(Dataset excerpts)
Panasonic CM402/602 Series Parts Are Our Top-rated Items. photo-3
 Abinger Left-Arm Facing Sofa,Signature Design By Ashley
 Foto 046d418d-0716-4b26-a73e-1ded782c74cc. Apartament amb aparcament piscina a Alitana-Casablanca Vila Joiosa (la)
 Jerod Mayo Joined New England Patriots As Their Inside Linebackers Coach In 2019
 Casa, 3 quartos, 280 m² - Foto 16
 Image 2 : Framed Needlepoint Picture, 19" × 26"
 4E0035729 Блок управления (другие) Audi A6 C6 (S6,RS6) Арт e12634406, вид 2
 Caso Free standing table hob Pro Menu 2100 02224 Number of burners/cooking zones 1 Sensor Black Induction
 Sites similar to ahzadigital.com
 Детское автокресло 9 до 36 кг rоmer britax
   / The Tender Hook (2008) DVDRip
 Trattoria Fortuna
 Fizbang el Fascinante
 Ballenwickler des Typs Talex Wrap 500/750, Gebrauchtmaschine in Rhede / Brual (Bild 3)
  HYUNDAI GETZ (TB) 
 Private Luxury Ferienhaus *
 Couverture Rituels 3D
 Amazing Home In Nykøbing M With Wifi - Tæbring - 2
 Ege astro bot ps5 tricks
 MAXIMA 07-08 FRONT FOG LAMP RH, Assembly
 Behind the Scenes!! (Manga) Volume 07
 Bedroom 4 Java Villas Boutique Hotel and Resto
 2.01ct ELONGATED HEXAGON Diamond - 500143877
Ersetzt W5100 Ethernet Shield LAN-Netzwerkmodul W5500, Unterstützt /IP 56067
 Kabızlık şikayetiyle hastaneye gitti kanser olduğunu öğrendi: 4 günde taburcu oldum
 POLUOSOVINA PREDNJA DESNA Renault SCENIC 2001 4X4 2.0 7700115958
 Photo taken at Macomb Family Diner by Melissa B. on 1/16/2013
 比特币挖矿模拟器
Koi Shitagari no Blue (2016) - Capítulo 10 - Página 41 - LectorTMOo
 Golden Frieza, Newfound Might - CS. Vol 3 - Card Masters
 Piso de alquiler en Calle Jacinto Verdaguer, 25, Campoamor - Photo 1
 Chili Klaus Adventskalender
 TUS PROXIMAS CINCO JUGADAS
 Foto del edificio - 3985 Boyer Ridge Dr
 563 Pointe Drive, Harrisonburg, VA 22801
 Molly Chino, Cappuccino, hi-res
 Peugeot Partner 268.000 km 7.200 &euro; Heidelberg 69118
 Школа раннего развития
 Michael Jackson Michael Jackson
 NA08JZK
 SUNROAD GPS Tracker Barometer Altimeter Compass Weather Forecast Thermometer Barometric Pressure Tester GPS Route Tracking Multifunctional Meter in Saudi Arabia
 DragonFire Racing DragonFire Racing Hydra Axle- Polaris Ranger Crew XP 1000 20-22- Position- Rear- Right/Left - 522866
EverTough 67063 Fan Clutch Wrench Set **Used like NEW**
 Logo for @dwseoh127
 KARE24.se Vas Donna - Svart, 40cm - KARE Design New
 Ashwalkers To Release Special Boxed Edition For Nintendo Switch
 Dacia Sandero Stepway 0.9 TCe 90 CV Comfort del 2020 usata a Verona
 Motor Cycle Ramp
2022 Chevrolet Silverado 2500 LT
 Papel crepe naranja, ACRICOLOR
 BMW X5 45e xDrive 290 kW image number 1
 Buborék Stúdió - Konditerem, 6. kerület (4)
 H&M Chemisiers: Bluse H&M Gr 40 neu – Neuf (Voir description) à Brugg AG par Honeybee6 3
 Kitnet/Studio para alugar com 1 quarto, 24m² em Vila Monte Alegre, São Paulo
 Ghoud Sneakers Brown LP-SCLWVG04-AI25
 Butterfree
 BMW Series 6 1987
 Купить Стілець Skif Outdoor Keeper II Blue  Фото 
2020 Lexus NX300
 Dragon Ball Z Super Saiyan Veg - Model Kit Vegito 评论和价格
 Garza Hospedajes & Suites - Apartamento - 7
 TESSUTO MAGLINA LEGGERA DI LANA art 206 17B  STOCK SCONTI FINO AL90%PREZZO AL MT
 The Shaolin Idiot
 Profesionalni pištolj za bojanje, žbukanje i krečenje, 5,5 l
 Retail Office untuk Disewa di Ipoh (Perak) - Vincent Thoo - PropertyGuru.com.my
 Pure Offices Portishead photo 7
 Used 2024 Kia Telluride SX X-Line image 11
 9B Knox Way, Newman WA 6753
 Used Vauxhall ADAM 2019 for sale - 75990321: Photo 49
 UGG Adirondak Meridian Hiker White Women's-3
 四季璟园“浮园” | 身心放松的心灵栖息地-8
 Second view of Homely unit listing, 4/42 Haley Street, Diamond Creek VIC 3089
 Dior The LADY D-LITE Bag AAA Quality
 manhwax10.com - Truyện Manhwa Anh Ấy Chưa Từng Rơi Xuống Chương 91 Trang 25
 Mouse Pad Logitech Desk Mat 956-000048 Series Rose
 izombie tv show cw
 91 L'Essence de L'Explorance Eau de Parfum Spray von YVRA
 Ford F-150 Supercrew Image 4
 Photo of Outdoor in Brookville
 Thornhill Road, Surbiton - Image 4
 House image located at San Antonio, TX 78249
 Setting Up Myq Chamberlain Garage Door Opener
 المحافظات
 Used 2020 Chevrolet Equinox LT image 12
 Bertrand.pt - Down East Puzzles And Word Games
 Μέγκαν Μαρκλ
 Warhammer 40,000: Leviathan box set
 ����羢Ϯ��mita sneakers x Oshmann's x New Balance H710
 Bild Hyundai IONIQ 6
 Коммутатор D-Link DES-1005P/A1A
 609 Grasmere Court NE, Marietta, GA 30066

▶ [Brief]:
All lines above that contain "Bild" are required in the answer.

▶ [Response below]:
 Ballenwickler des Typs Talex Wrap 500/750, Gebrauchtmaschine in Rhede / Brual (Bild 3)
 Bild Hyundai IONIQ 6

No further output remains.